Alexander Stark is a Group Leader and Senior Scientist at the Research Institute of Molecular Pathology (IMP) in Vienna, Austria. He studies transcriptional regulation using an interdisciplinary approach that combines genome-wide functional assays with bioinformatics and biochemistry. A particular focus of his work are transcriptional enhancers, core promoters, and transcriptional regulatory proteins (transcription factors and cofactors).

Lars Steinmetz is a Professor of Genetics at Stanford University and the Associate Head of the Genome Biology Unit at the European Molecular Biology Laboratory (EMBL). His research focuses on developing and applying interdisciplinary, genome-wide technologies to investigate the function and mechanism of genome regulation, the genetic basis of complex phenotypes and the genetic and molecular systems underpinning disease.

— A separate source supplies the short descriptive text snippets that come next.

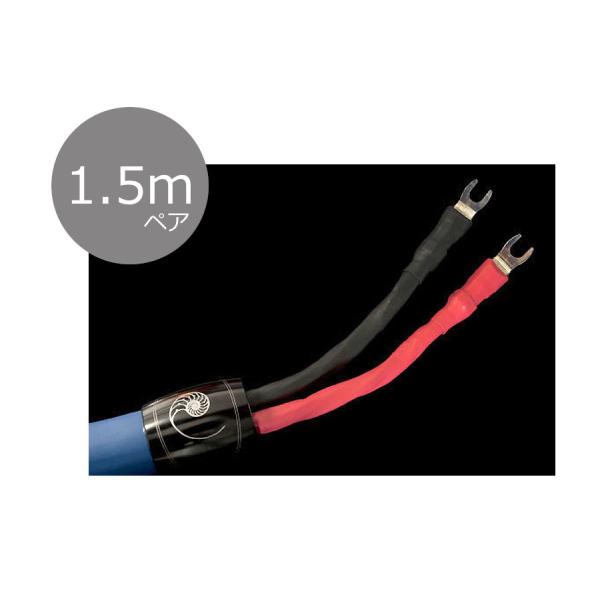 y[ڈF2`3TԁzCARDAS J_X Clear BeyondiNArhjXs[J[P[u  Spade 1.5myA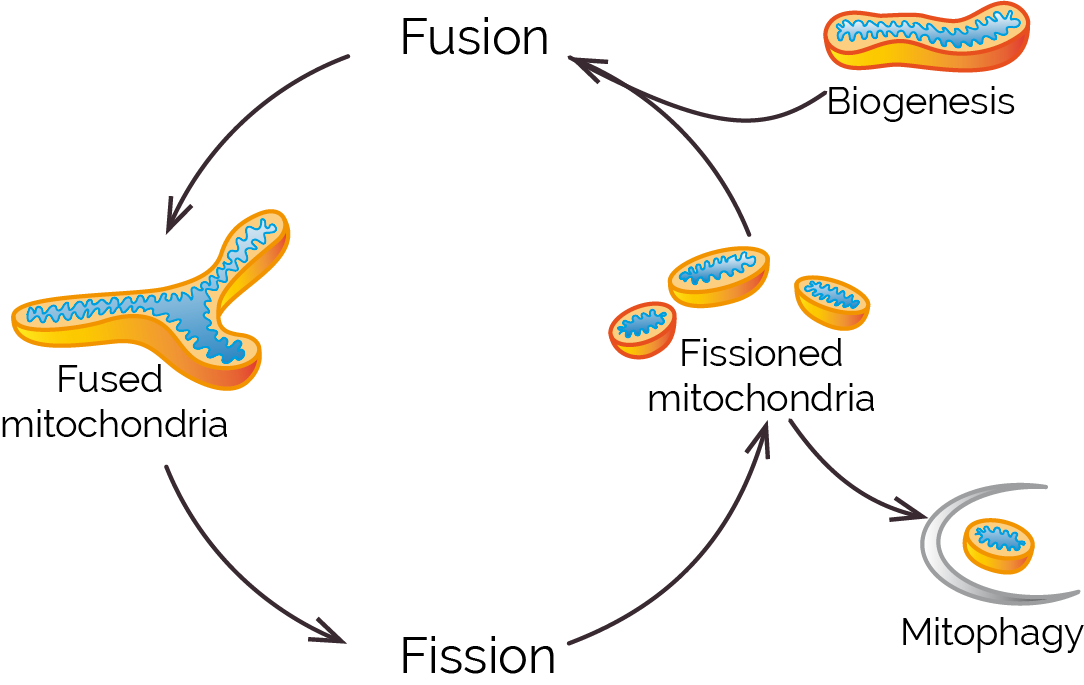 mitochondrial-cycle-CBA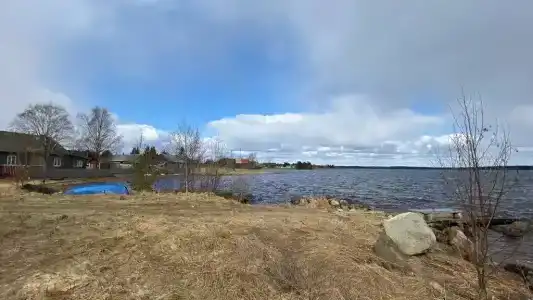 Коди Ярви - 152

Amos Tanay is an Associate Professor and Kimmel investigator in the department of Computer Science and the department of Biological Regulation at the Weizmann Institute. His research is focused on genomic and chromosomal regulation of heterogeneous populations of single cells within tissues, aiming to understand how cells acquire, stabilize, and later modify their epigenetic and functional states.

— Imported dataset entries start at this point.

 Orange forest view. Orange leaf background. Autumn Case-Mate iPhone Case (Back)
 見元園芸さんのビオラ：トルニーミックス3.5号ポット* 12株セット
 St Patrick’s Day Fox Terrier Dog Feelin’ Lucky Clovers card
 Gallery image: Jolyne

Marc Vidal is an Associate Professor in Cancer Biology and the Director of the Center for Cancer Systems Biology at the Dana-Farber Cancer Institute and an Associate Professor of Genetics at Harvard Medical School. His laboratory studies how complex macromolecular networks are organized and how perturbations in those networks can lead to diseases such as cancer.

Albertha (Marian) Walhout obtained a PhD in Medicine at the University of Utrecht, the Netherlands, with a focus on Molecular Biology and Biochemistry. In 1998 she came to the USA for a post-doc at Harvard Medical School in Functional Genomics and Systems Biology. She started her lab at UMass Medical School in the spring of 2003. Her work centers on the elucidation of gene regulatory networks and how they relate to development, physiology and disease.

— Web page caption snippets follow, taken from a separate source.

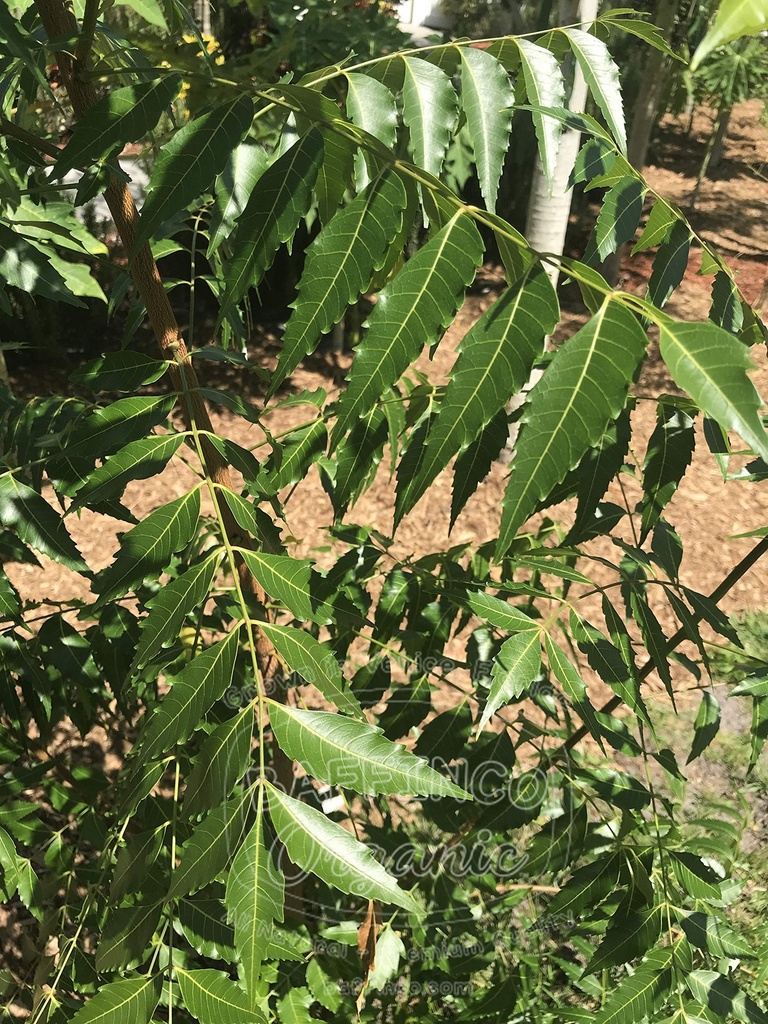 fresh-neem-azadirachta-indica-leaves-pre-6.jpg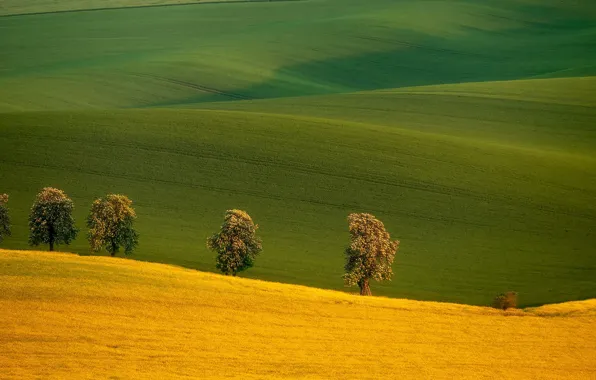 Trees, field, Czech Republic, Czech Republic, South Moravia, South Moravia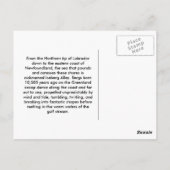 キャスタウェイ ポストカード (裏面)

Jun Wang is Director of BGI (previously known as the Beijing Genomics Institute) and was instrumental in founding the BGI Bioinformatics Department in 1999. Dr. Wang also holds a position as an Ole Rømer professor at the University of Copenhagen. He has authored 200+ peer-reviewed original papers and his research focuses on genomics and related bioinformatics analysis of complex diseases and agricultural crops, with the goal of developing applications using the genomic information.

Hans V. Westerhoff is AstraZeneca Professor of Systems Biology at the Manchester Centre for Integrative Systems Biology (heading the Doctoral Training Centre Systems Biology), Professor of Microbial Physiology at the Free University Amsterdam and of Mathematical Biochemistry at the University of Amsterdam. Chairing the Steering Committee of the German HepatoSys program, he has worked on Hierarchical Control and Regulation, the siliconcell, EGF signalling, and DNA structure, exemplifying bottom-up Systems Biology.

Lingchong You is Paul Ruffin Scarborough Associate Professor of Engineering in the Pratt School of Engineering at Duke University. His laboratory explores design principles of biological networks and uses synthetic gene circuits for applications in computation, engineering and medicine.

Marino Zerial is Managing Director of the MPI-CBG in Dresden. He has been conducting interdisciplinary research on endocytosis and signalling, combining biochemistry, live cell imaging, image processing, functional genomics and computational approaches to systems analysis.